Definitions for: Hence


[adv] (used to introduce a logical conclusion) from that fact or reason or as a result; "therefore X must be true"; "the eggs were fresh and hence satisfactory"; "we were young and thence optimistic"; "it is late and thus we must go"; "the witness is biased and so cannot be trusted"
[adv] from this time; "a year hence it will be forgotten"
[adv] (archaic) from this place; "get thee hence!"
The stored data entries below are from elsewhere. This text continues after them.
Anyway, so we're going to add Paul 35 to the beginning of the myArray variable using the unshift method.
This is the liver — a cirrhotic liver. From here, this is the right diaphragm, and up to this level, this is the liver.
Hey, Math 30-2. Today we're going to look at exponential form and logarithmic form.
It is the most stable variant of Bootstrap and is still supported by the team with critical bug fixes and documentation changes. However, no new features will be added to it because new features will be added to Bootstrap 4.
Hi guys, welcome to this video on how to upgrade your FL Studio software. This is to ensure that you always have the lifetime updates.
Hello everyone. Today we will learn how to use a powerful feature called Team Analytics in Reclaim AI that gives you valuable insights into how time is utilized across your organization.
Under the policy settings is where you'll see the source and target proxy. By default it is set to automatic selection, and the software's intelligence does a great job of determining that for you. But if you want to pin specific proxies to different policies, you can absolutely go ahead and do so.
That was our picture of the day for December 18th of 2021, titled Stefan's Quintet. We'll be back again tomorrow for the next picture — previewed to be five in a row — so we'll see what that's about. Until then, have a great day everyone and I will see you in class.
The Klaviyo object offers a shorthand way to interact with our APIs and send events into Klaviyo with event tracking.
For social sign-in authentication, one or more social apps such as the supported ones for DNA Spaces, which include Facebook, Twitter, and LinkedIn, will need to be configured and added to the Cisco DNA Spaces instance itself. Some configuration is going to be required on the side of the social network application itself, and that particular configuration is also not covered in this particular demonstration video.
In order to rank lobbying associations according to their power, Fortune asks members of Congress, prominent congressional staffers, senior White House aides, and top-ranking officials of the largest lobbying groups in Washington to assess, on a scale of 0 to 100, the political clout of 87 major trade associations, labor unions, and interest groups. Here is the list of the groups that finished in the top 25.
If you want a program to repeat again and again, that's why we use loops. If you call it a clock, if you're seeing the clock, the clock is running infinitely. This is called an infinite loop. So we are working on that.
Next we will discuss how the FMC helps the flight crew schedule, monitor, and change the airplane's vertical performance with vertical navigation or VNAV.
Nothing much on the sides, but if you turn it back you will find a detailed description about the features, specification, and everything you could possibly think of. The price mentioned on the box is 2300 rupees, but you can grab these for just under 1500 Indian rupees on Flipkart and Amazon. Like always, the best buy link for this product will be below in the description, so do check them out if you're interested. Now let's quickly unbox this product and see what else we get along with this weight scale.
Webster (1913) Definition: Hence, adv. [OE. hennes, hens (the s is prop. a genitive
ending; cf. -wards), also hen, henne, hennen, heonnen,
heonene, AS. heonan, heonon, heona, hine; akin to OHG.
hinn[=a]n, G. hinnen, OHG. hina, G. hin; all from the root of
E. he. See He.]
1. From this place; away. ``Or that we hence wend.''
--Chaucer.

Arise, let us go hence. --John xiv.
31.

I will send thee far hence unto the Gentiles. --Acts
xxii. 21.

2. From this time; in the future; as, a week hence. ``Half an
hour hence.'' --Shak.



3. From this reason; as an inference or deduction.

Hence, perhaps, it is, that Solomon calls the fear
of the Lord the beginning of wisdom. --Tillotson.

4. From this source or origin.

All other faces borrowed hence Their light and
grace. --Suckling.

Whence come wars and fightings among you? Come they
not hence, even of your lusts? --James. iv.
1.

Note: Hence is used, elliptically and imperatively, for go
hence; depart hence; away; be gone. ``Hence with your
little ones.'' --Shak. -- From hence, though a
pleonasm, is fully authorized by the usage of good
writers.



An ancient author prophesied from hence. --Dryden.

Expelled from hence into a world Of woe and sorrow.
--Milton.


Hence, v. t.
To send away. [Obs.] --Sir P. Sidney.